De acordo com o especialista em gestão de Saúde da Fundação Getulio Vargas (FGV) Walter Cintra, essa dinâmica é um problema. “Isso é fruto de uma política individualista que rompe a sistemática com as organizações unilaterais”. “Se for prevalecer esse tipo de individualismo, será realmente um problema, pois só vai agravar a desigualdade no mundo”, afirma.
Os embates políticos em torno da vacina suscitam, ainda, uma espécie de favoritismo em relação a determinado imunizante. Muitos brasileiros têm se recusado, desde já, a tomar o imunizante chinês ou russo. Evandro Carvalho, doutor em direito internacional e professor da FGV, diz que esse fenômeno pode ser encarado como xenofobia aflorada pelas fake news. “É uma espécie de retomada de mentalidade típica de Guerra Fria, estimulada por um radicalismo do governo que identificam países com regimes comunistas quase como inimigos”, observa.
O professor da FGV explica que o multilateralismo está sendo prejudicado, com tendência à realização de acordos bilaterais. “Os Estados Unidos, por exemplo, têm assumido claramente uma política externa unilateralista. A pandemia mostrou claramente a importância da Organização Mundial da Saúde. Atacar o multilateralismo é defender, direta ou indiretamente, o retorno da lei do mais forte no plano internacional, isso não é bom para o Brasil, nem para o mundo”, defende Carvalho.

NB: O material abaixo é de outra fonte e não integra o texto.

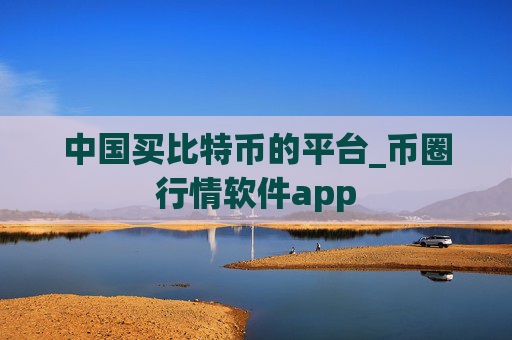 中国买比特币的平台_币圈行情软件app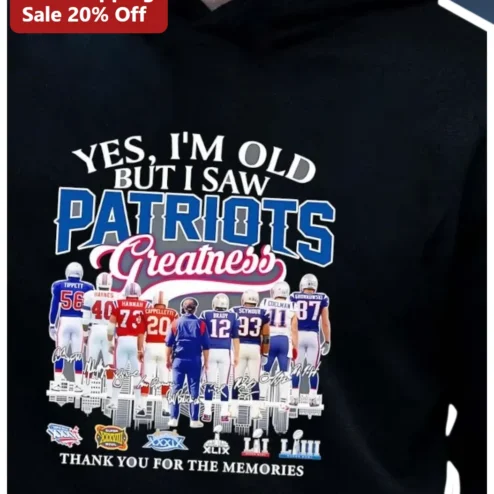 Patriots Greatness Yes I'm Old But I Saw It New England Patriots Hoodie Thank You For The Memories Tom Brady Signature NFL Fan Gift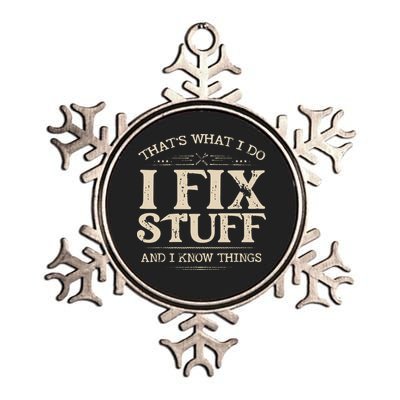 That's What I Do I Fix Stuff And I Know Things Funny Saying Metallic Star Ornament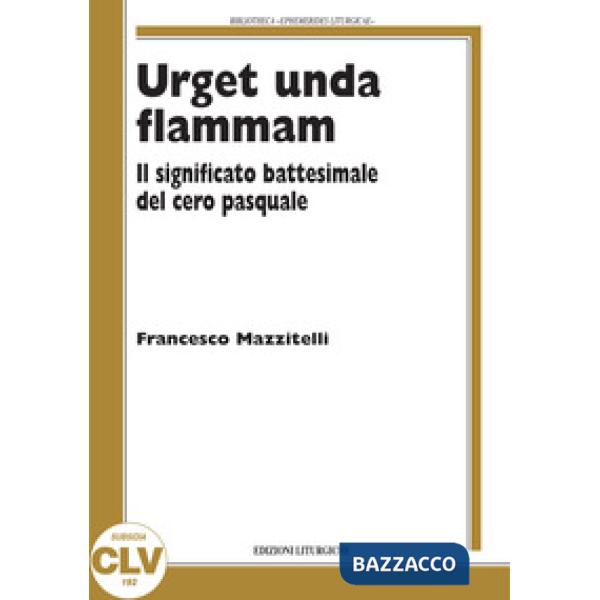 Urget unda flammam. Il significato battesimale del cero pasquale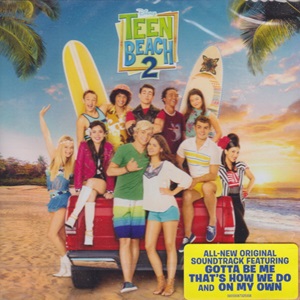 Disney - Teen Beach 2 - Soundtrack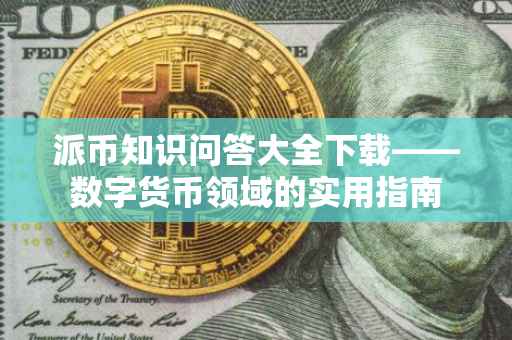 派币知识问答大全下载——数字货币领域的实用指南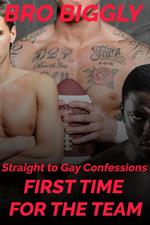 Straight to Gay Confessions: First Time For the Team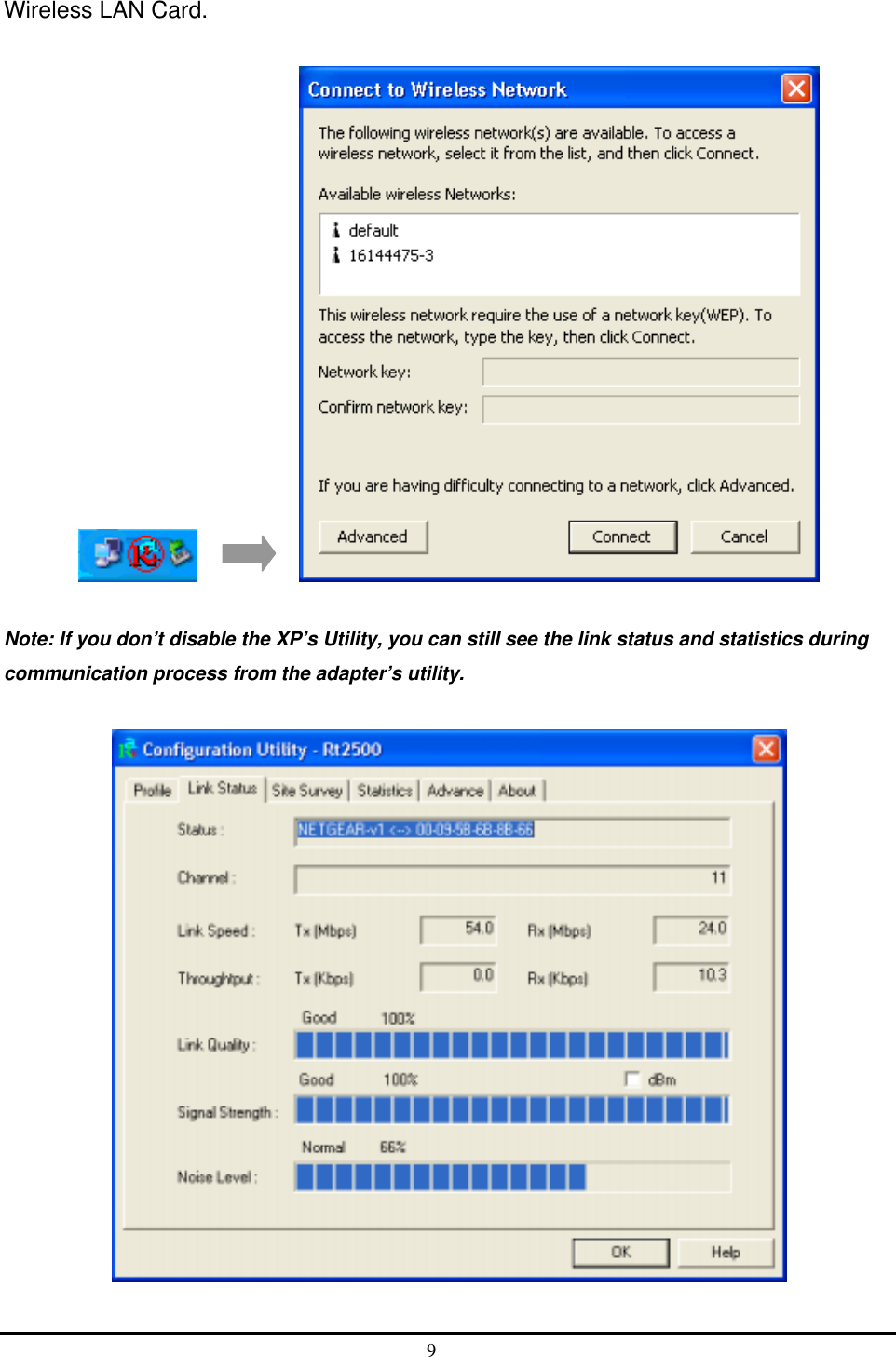  Wireless LAN Card.            Note: If you don’t disable the XP’s Utility, you can still see the link status and statistics during communication process from the adapter’s utility.  9  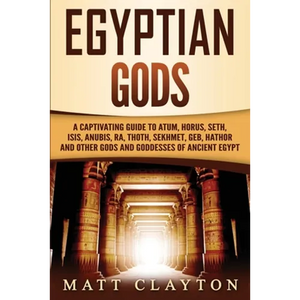 Egyptian Gods: A Captivating Guide to Atum, Horus, Seth, Isis, Anubis, Ra, Thoth, Sekhmet, Geb, Hathor and Other Gods and Goddesses of Ancient Egypt - Paperback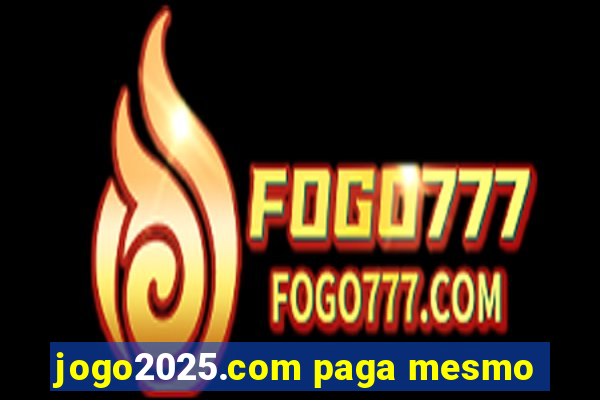 jogo2025.com paga mesmo
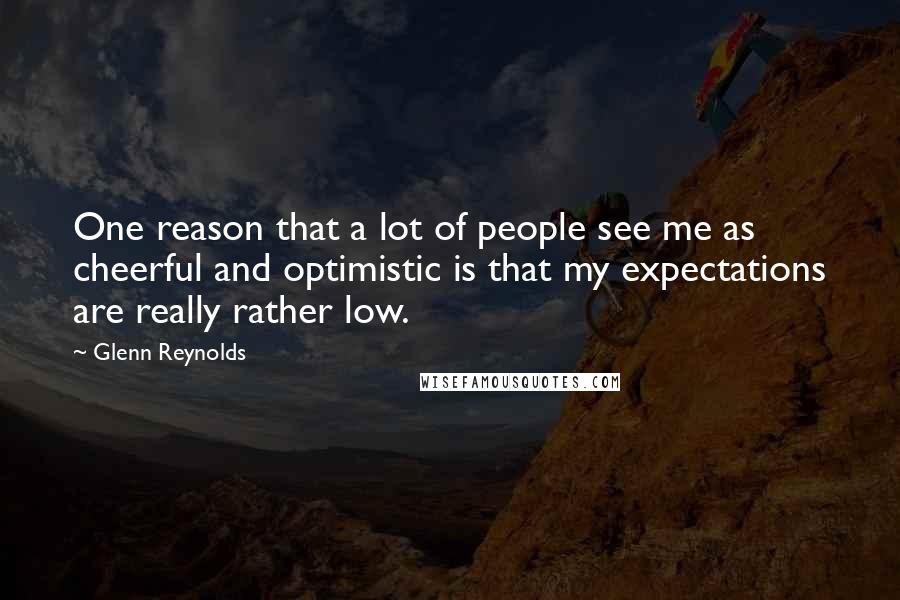 Glenn Reynolds Quotes: One reason that a lot of people see me as cheerful and optimistic is that my expectations are really rather low.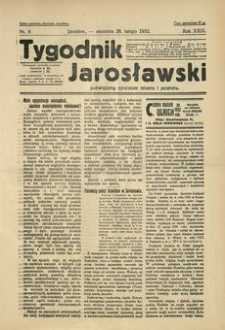 Tygodnik Jarosławski : poświęcony sprawom miasta i powiatu. 1932, R. 29, nr 9 (luty)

Entre os desafios a serem vencidos está a disponibilização da vacina de acordo com a necessidade do país, e não com a capacidade de pagar. Para isso, os países trabalham em conjunto para levantar fundos multibilionários, como a iniciativa Covax, que tem como objetivo acelerar a fabricação de vacinas contra a covid-19 e garantir um acesso igualitário entre os colaboradores. O Brasil uniu-se à aliança no final de setembro. “Francamente, isso não é um desafio financeiro, é um teste de solidariedade”, disse o diretor-geral da OMS, Tedros Adhanom Ghebreyesus, em coletiva, quando impulsionou a comunidade internacional a mobilizar US$ 35 bilhões para os acordos multilaterais.